Review: Teen Titans #17

Teen Titans #17

Writer: Greg Pak

Pencils: Ian Churchill

Inks: Norm Rapmund

Colors: Tony Avina

Cover: Ian Churchill, Andrew Dalhouse,

Norm Rapmund, Ethan Van Sciver

 

 

Greg Pak takes over writing duties in Teen Titans #17 and moves our heroes further into the mainstream of the DC Universe. The team is traveling across the East Coast, attempting to avoid entanglements with law enforcement. For the Titans, “No unnecessary heroics,” is the name of the game. However, the team is itching for action – especially one, Cassie Sandsmark.

In Teen Titans #17, we also get a nice bio on each of the Titans – something new readers like myself appreciate:

Red Robin – Tim Drake, Team Leader

Tanya Spears – Power Girl, Genius who gets big

Miguel Jose Barragan – Bunker, forms purple constructs with his mind

Rachel Roth – Raven, half-demon sorceress

Garfield Logan – Beast Boy, can transform into any animal

Cassie Sandsmark – Wonder Girl…

But, “Who is Wonder Girl?”

In the New 52, it’s Cassie Sandsmark. A teenager with a complicated past, Cassie is finding herself in a world that feels foreign. Her godlike abilities are a mixed bad – part blessing; part curse – raising more questions than answers.

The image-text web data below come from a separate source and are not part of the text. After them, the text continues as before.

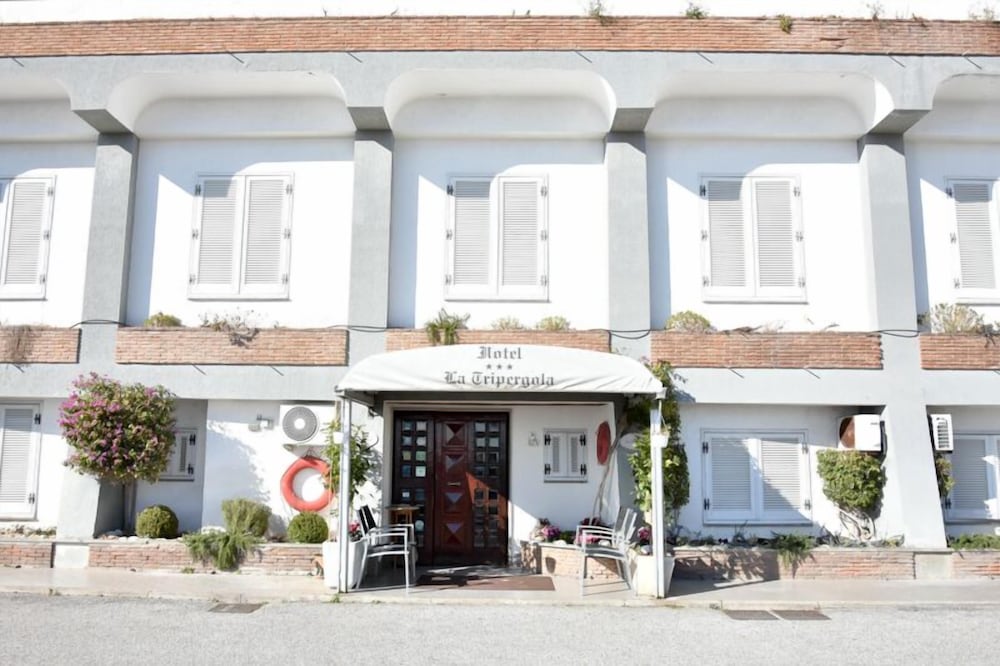 

Venezia - Pozzuoli - Hotel La Tripergola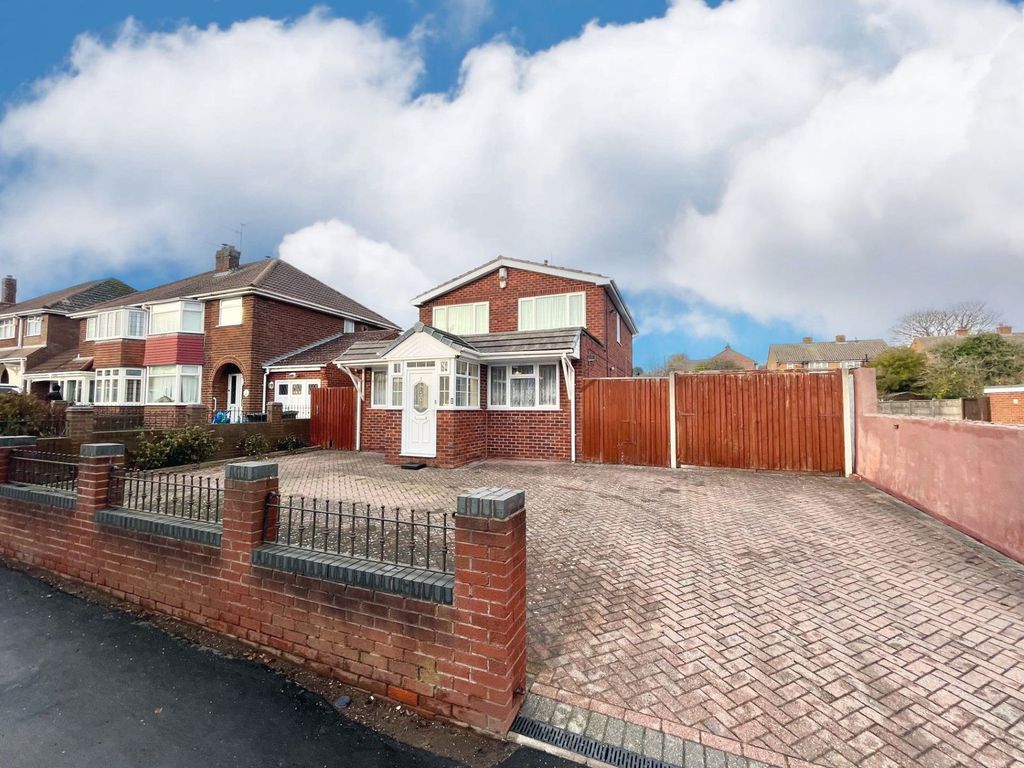 Additional image 30 of 5 bed detached house for saleQueen Street, Pensnett, Brierley Hill DY5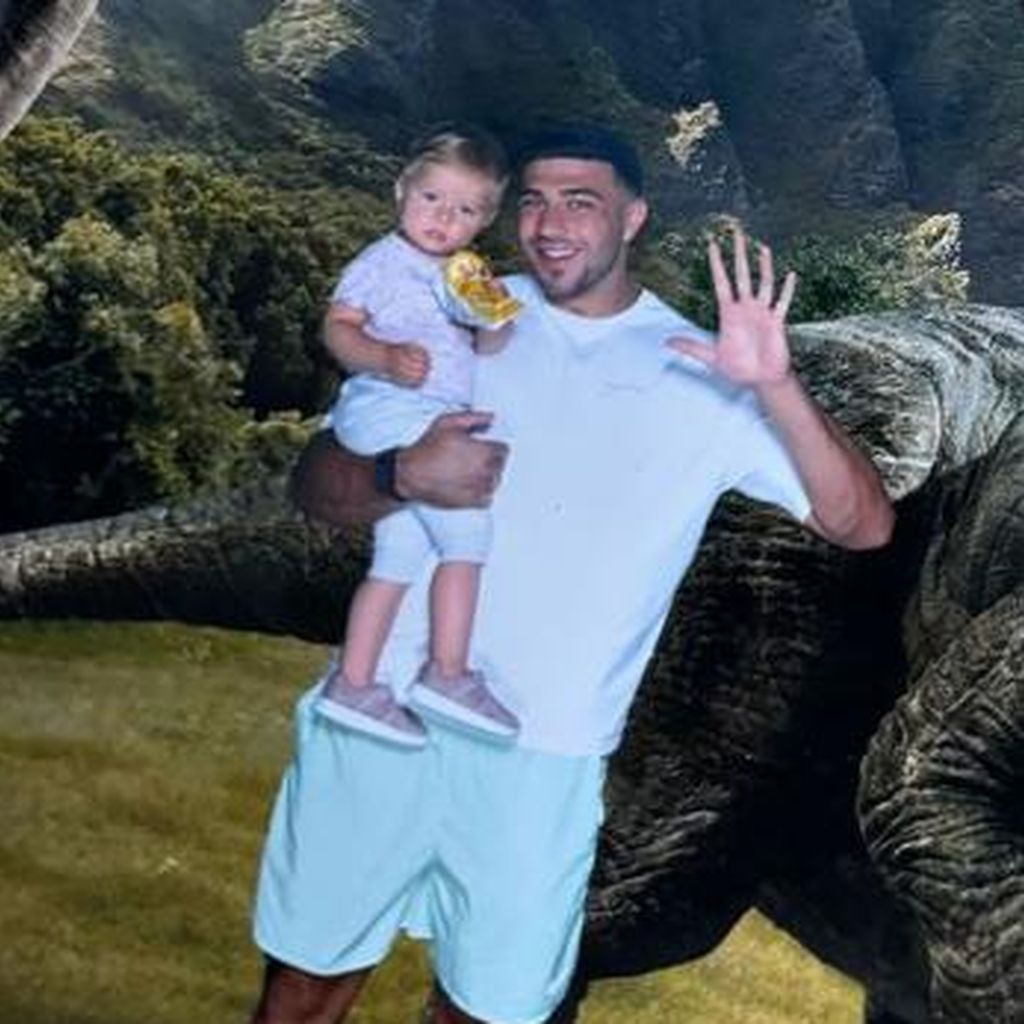 Tommy Fury und seine Tochter Bambi im August 2024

While she deals with feelings considered a normal part of adolescence, Cassie is anything but normal.

Teen Titans #17 is a Cassie-centric issue, as her origins are explored more fully. “Who is Wonder Girl?” is a recurring thematic trend for the character, Wonder Girl. “Who is Wonder Girl (Donna Troy)?,” represents a recurring them in DCU, first explored by Marv Wolfman and George Perez in 1984 (see New Teen Titans #38, 1984; New Teen Titans #50-54, 1988-89) and pops up every now and again in both story arch and references. So, when we DC fans read, “Who is Wonder Girl?,” it’s a clue to look for new direction from the character in a new generation.

Tim Drake believes Cassie’s powers originated from the theft of an archaeological artifact. As her discontent and past behaviors resurface, Drake is left more cautious and concerned than ever about his teammate. Making this more difficult is romantic tension between the two, Tim and Cassie, which is mentioned in the issue by Miguel (Bunker).

Cassie hears voices throughout Teen Titans #17, compelling her to locate her father. She ends up in an apartment in London, where she and her friends are attacked by hyena-men seemingly out of nowhere. There, Cassie discovers her ancestry may just be other-worldly. She meets her aunt Cassandra, who claims Cassie is a granddaughter of Zeus. Cassie decides to go with Cassandra on a quest to resurrect her father.

 

Teen Titans #17 includes many locations including: The Adirondack Mountains, Wilmington, DE, Waynesboro, VA, and London, UK. The breadth of the story is big and really sells the team being on the run. However, the rapid switches leave the reader slightly disoriented.

The art in the issue is beautiful. Cassie, in particular, is well-rendered – youth, exuberance, angst, power, and beauty – are juxtaposed nicely. The colors are vibrant and easy on the eye. With the changing scenery, the background art – landscapes, forests, buildings – plays an essential part in the story and are well done; providing a nice palate for the action and emotion, which remains front and center.

Teen Titans #17 ends with the inclusion of one of DC’s Trinity, Wonder Woman.

Wonder Girl and Wonder Woman have long been associated and her inclusion in Teen Titans is telling. Could Diana’s presence bring the Titans into a much larger story than currently thought? Will the team play a bigger role in the DCU? This remains to be seen.

We do not get those answers in Teen Titans #17. This is an issue designed to set the stage for upcoming stories with a new creative direction. It’s well written, keeping the playful banter of the Teen Titans series in place. The pacing of the issue was jerky, based on abrupt location changes, which helps sell the story of a team without a home – but, feels that way to the reader. Cassandra’s appearance and the pitting of her against Wonder Woman – with Wonder Girl in the middle – smacks of difficult decisions ahead for young Cassie.

Teen Titans #17 is a good introduction of Pak’s new direction. I suspect it will only get better from here with new twists and turns awaiting our heroes.